WHAT THE TASK ASKS: In the records below, find the line containing "The first thing" and the line containing "Joey, you made"; please repeat exactly the lines from one to the other, both included, and nothing more.
■ ■ ■ ■ ■ ■ ■
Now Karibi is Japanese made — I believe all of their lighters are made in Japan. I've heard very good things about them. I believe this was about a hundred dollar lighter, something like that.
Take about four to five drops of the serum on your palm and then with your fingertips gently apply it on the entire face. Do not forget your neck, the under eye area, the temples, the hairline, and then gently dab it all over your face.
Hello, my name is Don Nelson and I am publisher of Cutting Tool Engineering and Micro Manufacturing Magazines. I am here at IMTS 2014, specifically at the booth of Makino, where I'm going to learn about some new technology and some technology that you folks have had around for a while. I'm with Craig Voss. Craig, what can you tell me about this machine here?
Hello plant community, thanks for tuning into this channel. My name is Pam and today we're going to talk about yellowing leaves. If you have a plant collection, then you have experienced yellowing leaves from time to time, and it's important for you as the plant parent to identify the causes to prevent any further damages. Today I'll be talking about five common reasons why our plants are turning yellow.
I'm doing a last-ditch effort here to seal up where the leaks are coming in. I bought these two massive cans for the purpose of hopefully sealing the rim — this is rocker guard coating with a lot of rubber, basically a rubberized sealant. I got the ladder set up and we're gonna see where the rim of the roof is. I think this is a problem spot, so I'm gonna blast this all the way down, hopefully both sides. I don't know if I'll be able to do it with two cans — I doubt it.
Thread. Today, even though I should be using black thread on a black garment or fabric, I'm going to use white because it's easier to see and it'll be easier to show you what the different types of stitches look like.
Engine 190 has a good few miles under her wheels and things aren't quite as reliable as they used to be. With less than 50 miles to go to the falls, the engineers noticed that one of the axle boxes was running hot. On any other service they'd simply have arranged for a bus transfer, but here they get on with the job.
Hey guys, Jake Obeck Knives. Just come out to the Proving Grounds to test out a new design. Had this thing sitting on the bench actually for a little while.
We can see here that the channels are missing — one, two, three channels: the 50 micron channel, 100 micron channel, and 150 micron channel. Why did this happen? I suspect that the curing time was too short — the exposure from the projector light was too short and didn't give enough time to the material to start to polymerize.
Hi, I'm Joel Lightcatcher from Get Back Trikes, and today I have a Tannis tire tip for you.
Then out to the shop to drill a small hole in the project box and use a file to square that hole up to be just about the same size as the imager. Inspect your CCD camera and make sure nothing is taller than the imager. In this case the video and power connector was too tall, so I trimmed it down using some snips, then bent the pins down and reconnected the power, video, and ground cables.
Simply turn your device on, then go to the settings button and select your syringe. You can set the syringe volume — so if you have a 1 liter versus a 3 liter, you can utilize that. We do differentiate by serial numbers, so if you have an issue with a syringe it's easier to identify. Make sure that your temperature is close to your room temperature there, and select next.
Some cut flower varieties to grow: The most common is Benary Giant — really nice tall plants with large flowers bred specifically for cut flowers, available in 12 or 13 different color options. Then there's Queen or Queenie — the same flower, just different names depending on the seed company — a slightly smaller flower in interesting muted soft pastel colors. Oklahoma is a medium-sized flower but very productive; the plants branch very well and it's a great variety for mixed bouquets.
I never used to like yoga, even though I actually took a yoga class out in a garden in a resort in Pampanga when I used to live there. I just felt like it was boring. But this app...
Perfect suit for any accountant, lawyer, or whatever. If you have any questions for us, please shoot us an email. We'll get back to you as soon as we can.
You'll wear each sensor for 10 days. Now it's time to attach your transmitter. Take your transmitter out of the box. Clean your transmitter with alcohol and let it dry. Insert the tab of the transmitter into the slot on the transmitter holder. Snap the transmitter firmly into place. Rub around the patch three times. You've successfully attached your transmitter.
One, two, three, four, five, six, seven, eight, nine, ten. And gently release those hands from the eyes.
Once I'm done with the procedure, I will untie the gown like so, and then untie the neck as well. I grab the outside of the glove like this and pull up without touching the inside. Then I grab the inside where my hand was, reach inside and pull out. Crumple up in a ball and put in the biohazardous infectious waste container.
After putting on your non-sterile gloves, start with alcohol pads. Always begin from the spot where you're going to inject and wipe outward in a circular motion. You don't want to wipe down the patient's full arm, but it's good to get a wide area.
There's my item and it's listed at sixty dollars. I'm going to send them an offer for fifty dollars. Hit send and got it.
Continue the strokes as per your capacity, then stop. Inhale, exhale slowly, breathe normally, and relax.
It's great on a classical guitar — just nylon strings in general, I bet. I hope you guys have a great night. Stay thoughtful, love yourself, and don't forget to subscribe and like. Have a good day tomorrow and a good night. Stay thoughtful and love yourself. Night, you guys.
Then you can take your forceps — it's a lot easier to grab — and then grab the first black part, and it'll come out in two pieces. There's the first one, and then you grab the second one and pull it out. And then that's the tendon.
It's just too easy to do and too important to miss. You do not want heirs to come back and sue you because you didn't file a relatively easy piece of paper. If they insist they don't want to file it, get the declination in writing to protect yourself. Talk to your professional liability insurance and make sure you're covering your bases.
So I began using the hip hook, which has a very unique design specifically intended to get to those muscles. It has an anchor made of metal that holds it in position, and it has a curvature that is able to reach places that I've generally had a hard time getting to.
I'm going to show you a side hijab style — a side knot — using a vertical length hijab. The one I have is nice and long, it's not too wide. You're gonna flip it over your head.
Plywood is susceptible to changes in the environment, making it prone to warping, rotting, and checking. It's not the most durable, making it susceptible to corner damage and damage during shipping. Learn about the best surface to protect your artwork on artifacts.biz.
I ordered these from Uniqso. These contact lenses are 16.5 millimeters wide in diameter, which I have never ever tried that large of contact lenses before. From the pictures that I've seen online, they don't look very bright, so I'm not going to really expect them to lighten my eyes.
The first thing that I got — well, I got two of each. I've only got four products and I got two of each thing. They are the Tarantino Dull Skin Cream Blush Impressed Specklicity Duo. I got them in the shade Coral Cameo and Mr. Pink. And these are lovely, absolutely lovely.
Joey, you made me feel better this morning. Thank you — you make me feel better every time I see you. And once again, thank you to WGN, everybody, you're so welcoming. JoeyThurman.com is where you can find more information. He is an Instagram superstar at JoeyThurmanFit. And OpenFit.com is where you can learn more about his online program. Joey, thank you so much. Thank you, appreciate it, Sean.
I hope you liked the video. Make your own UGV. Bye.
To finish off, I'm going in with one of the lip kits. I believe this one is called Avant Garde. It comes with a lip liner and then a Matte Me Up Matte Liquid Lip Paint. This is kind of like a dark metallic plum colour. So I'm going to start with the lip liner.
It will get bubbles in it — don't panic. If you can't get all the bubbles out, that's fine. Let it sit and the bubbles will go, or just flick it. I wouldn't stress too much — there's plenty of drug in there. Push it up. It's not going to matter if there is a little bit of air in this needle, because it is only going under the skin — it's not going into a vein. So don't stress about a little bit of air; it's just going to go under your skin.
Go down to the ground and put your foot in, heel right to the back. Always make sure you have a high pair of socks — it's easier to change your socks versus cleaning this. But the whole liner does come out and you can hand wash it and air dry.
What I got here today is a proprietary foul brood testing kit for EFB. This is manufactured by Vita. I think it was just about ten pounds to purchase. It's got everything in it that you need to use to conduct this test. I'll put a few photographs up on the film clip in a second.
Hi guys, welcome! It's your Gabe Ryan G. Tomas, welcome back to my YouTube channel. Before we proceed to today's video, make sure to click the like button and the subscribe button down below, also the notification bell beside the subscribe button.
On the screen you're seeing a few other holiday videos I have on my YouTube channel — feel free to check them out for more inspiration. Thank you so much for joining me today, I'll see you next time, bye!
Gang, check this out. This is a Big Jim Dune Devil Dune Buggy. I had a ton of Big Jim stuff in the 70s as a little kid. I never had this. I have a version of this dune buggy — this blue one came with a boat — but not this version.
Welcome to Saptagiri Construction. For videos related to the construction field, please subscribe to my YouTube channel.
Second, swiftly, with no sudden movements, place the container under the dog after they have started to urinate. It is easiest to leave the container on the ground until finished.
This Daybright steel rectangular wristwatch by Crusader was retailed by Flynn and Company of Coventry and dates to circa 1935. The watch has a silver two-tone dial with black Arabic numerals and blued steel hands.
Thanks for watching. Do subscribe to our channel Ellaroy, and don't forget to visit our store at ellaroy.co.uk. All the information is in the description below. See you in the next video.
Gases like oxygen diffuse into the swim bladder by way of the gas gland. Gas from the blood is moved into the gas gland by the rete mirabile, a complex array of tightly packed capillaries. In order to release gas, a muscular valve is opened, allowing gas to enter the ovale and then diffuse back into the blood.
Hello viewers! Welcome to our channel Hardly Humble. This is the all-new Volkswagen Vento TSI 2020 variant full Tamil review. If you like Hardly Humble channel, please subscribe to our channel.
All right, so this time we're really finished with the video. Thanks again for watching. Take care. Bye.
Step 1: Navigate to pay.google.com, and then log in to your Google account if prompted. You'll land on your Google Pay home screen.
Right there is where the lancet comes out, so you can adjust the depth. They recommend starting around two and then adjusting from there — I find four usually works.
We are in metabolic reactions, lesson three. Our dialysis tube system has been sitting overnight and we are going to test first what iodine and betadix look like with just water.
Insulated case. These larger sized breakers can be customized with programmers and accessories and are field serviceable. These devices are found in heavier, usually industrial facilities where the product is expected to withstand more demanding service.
■ ■ ■ ■ ■ ■ ■
ANSWER SPACE:
The first thing that I got — well, I got two of each. I've only got four products and I got two of each thing. They are the Tarantino Dull Skin Cream Blush Impressed Specklicity Duo. I got them in the shade Coral Cameo and Mr. Pink. And these are lovely, absolutely lovely.
Joey, you made me feel better this morning. Thank you — you make me feel better every time I see you. And once again, thank you to WGN, everybody, you're so welcoming. JoeyThurman.com is where you can find more information. He is an Instagram superstar at JoeyThurmanFit. And OpenFit.com is where you can learn more about his online program. Joey, thank you so much. Thank you, appreciate it, Sean.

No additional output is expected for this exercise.